__Your objective__. Return each line exactly, beginning with the one that has "Yu-Gi-Oh! Insektor Giga-Gottesanbeterin" and finishing with the final line of the material. Drop any pictures.

__Source data__.
+---+

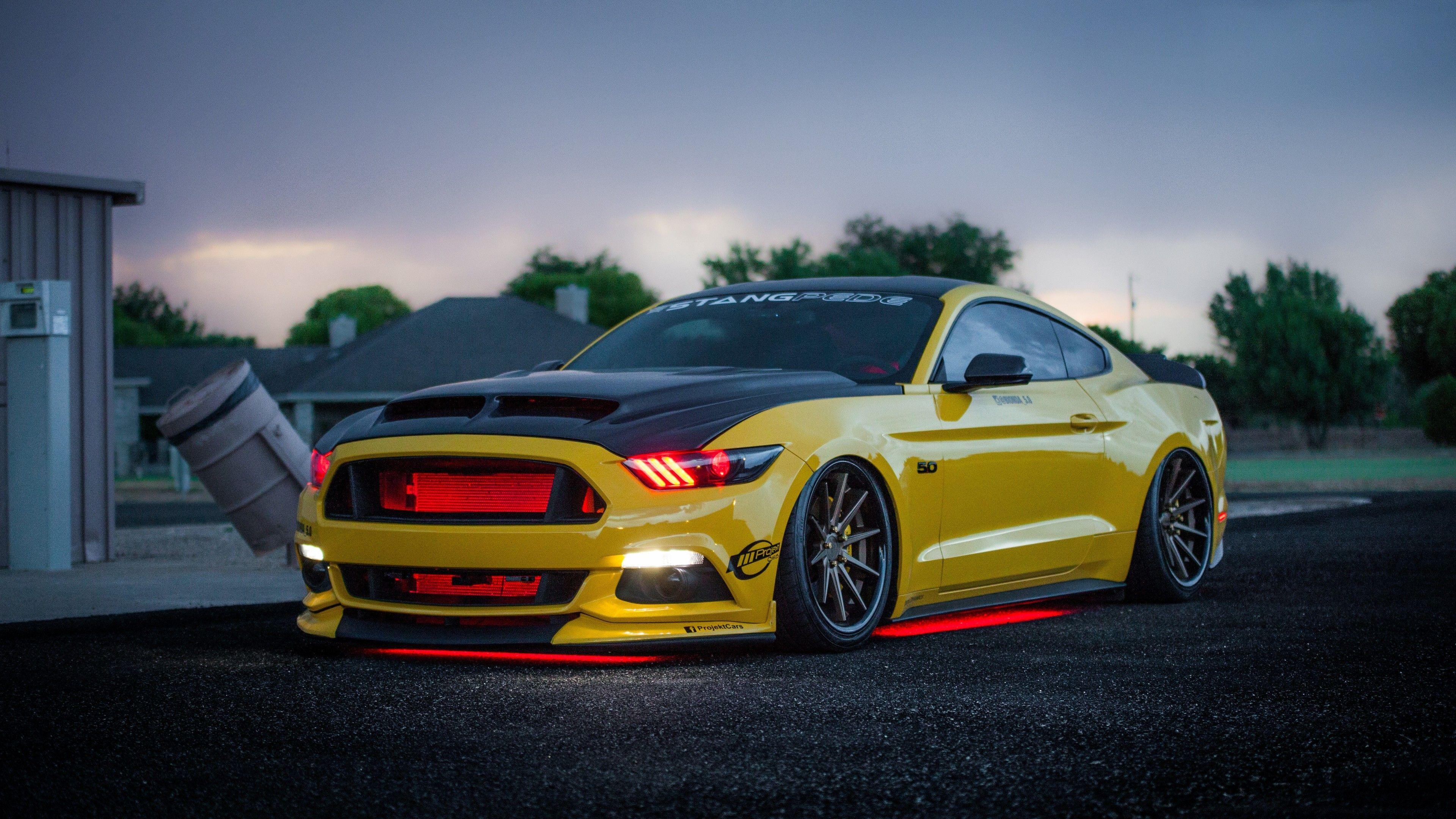 3840x2160 Wallpaper 4k Ford Mustang Gt Apollo Edition 2018 cars wallpaper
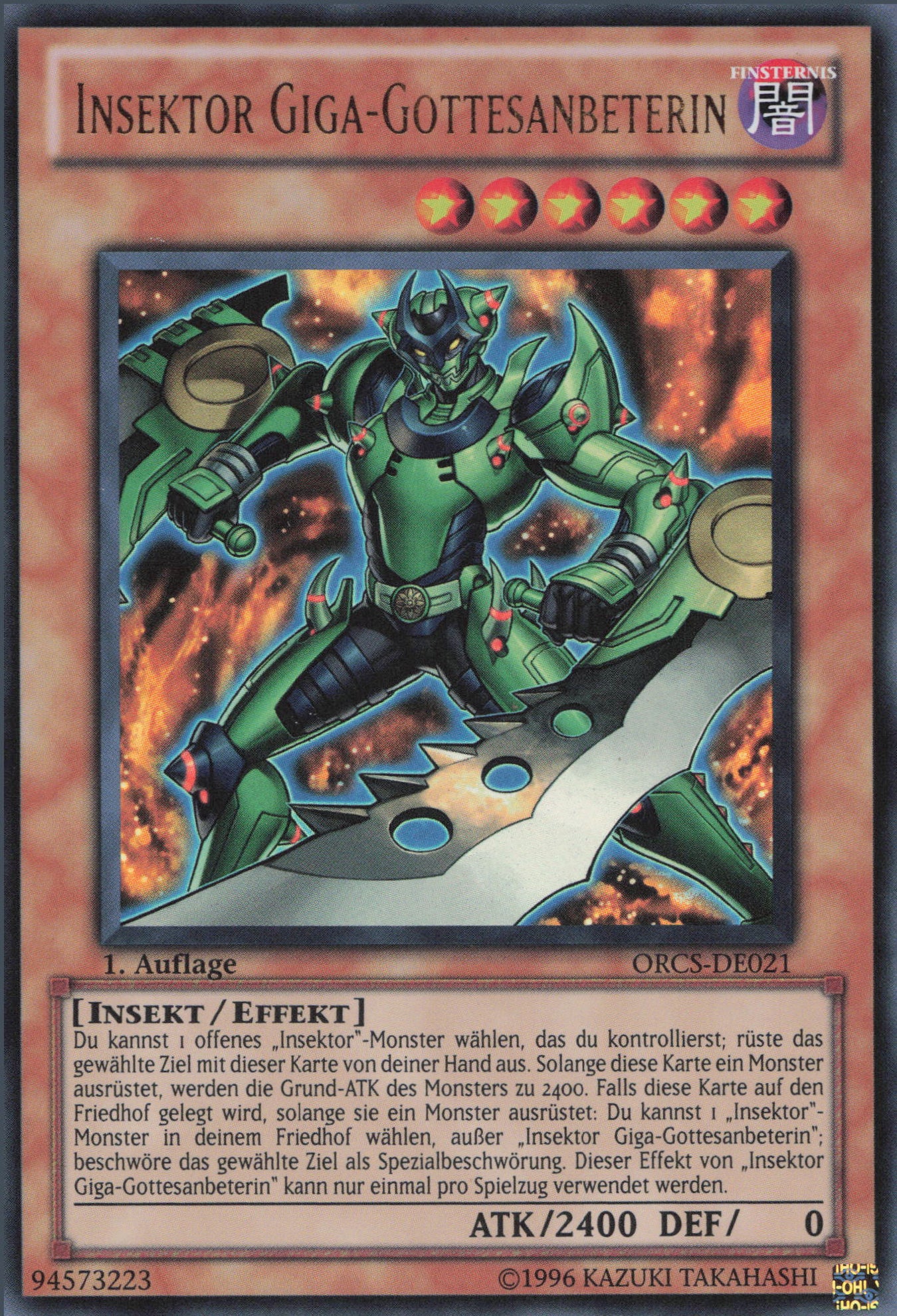 Yu-Gi-Oh! Insektor Giga-Gottesanbeterin (V.1)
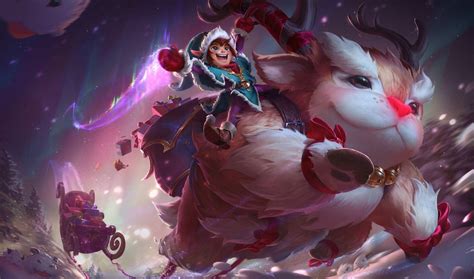 League Of Legends Nunu Recibe Nuevo Aspecto Visual Y Habilidades Tras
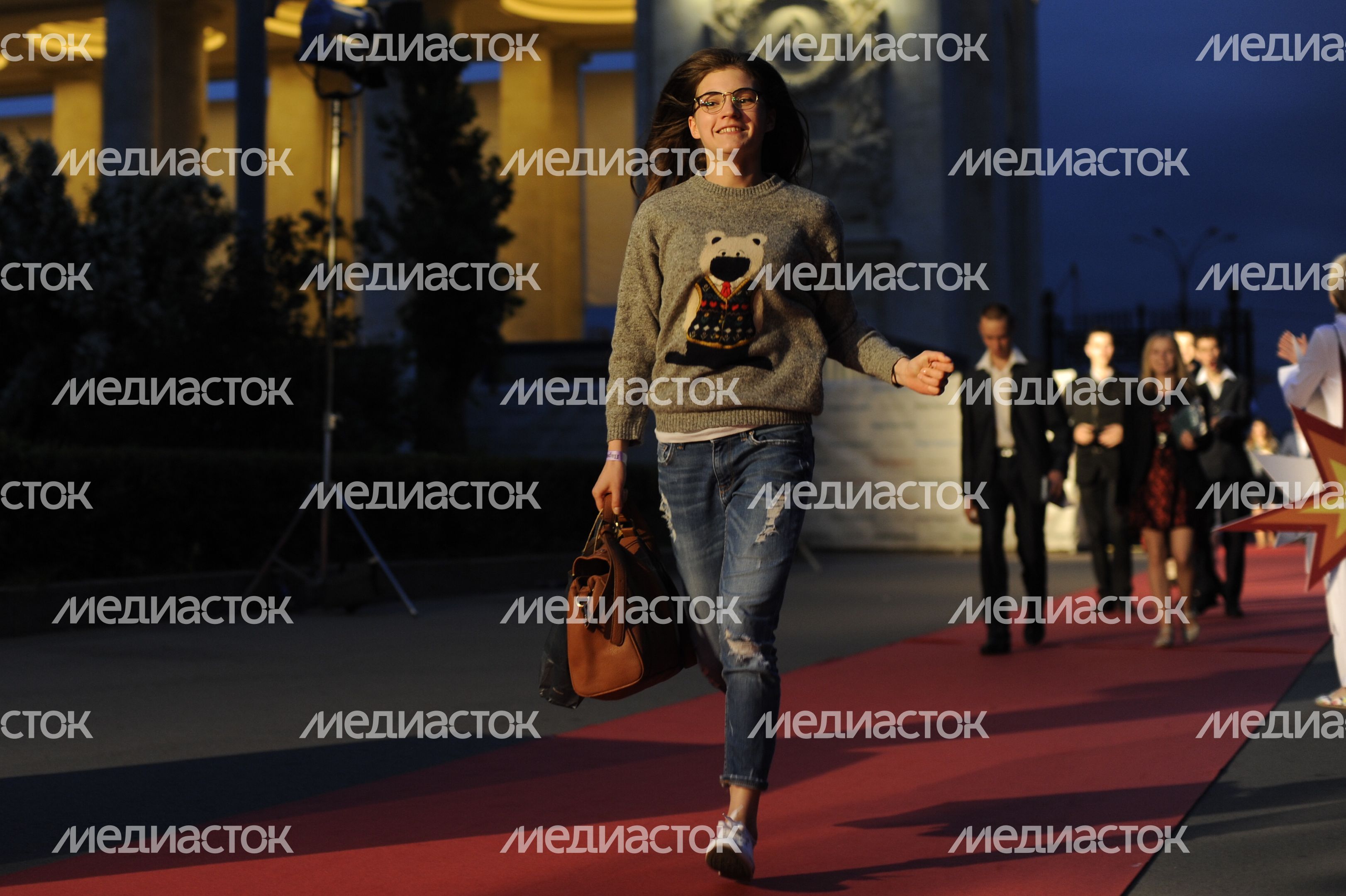 Выпускной в парке Горького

+---+

__Written solution__.
 Yu-Gi-Oh! Insektor Giga-Gottesanbeterin (V.1)
 League Of Legends Nunu Recibe Nuevo Aspecto Visual Y Habilidades Tras
 Выпускной в парке Горького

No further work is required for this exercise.